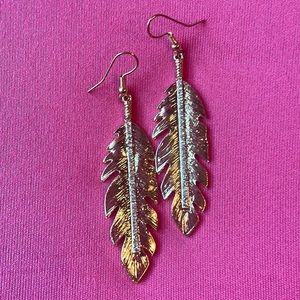 Gold crystal feather fashion earrings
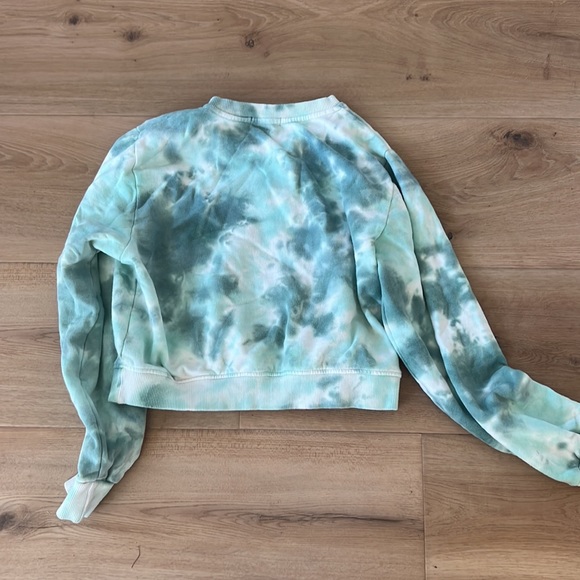 True, religion size medium sweatshirt - Picture 3 of 4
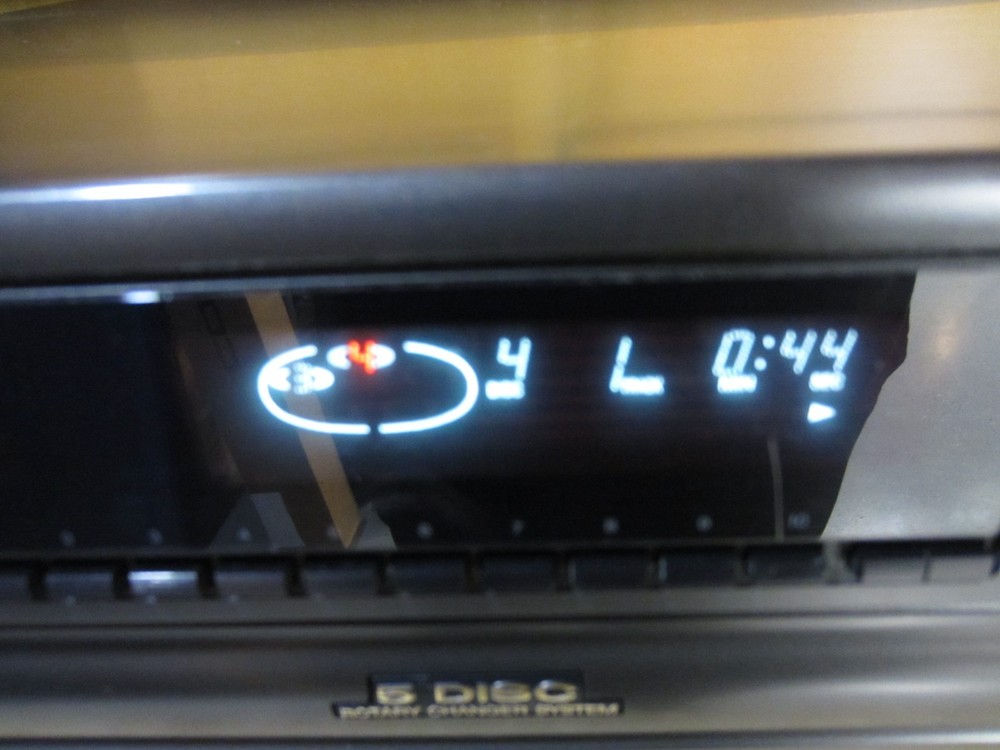 Technics SL-PD688 5 Disc CD Changer Carousel No Remote Tested Working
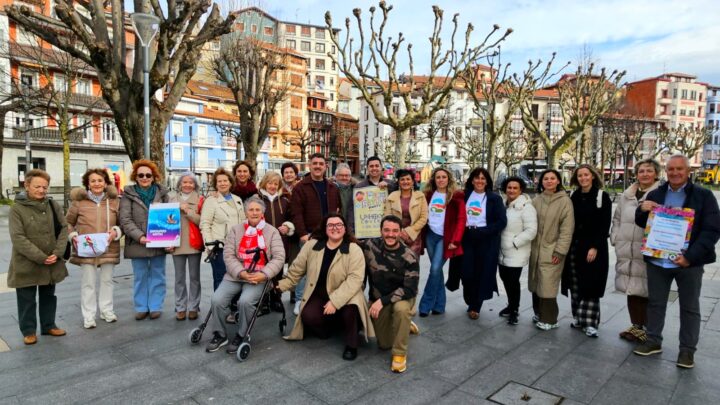 Bermeo prest dago mozorro, musika eta kolorez jantzi kaleak festaz betetzeko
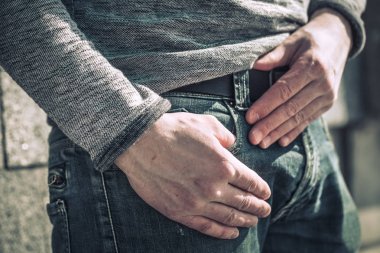 adam kot pantolon cebinde onun elini tutuyor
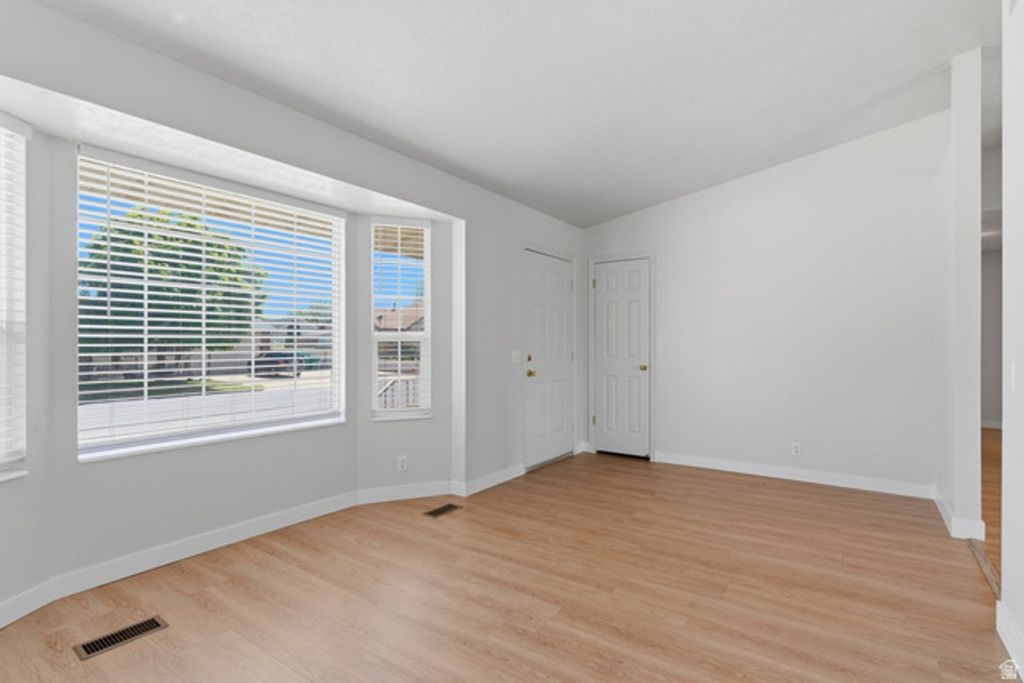 Image 5 of property listing at 104 W 525 N, Layton, UT 84041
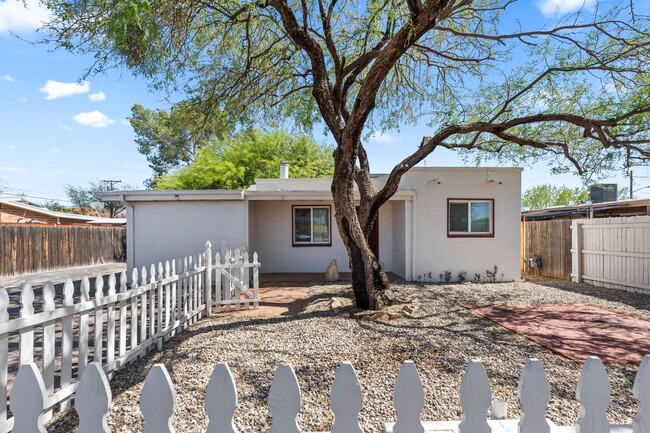 Charming central home - Charming central home
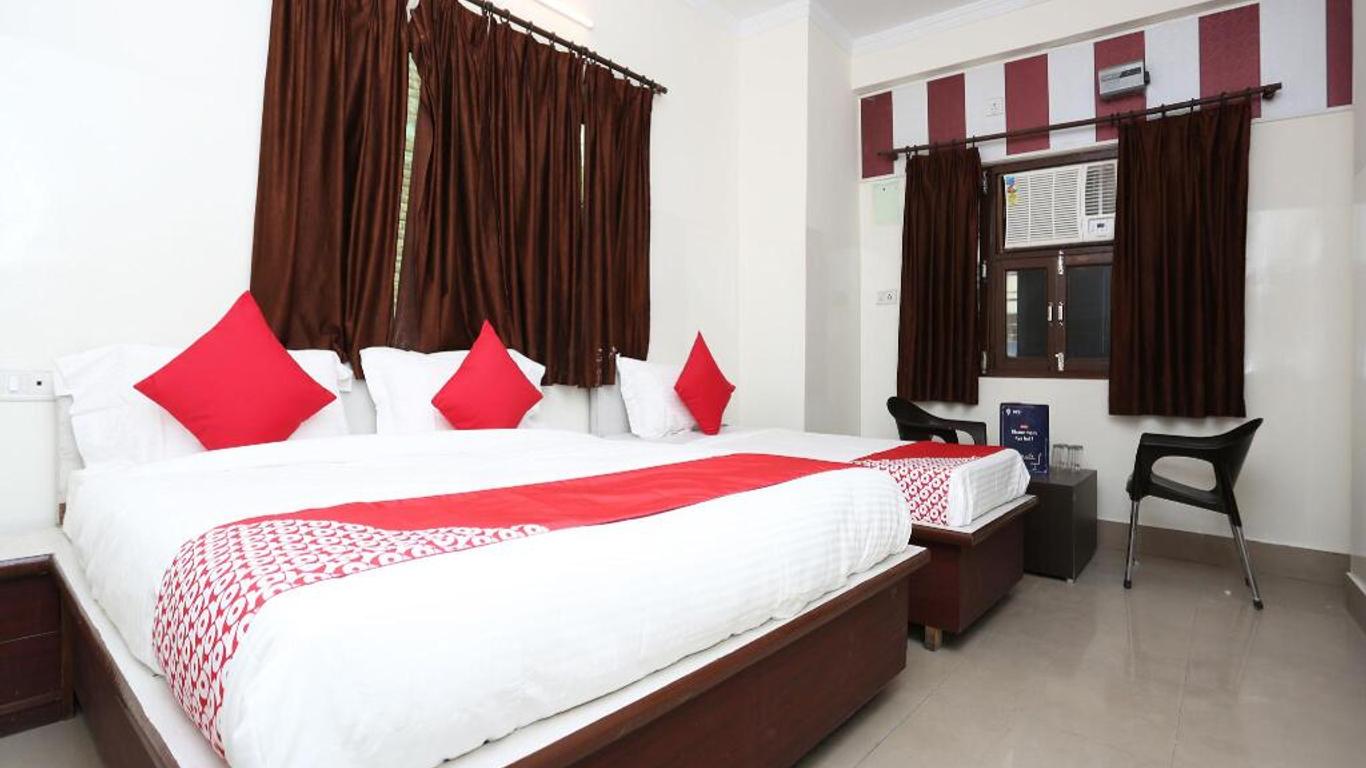 OYO 11623 Hotel Shiva Palace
+ + + +
- [TASK PROMPT]
Nothing but the lines from the line containing "Charming central home - Charming" through the last line of the listing above should appear, output exactly, with no pictures.

- [RESULT]
 Charming central home - Charming central home
 OYO 11623 Hotel Shiva Palace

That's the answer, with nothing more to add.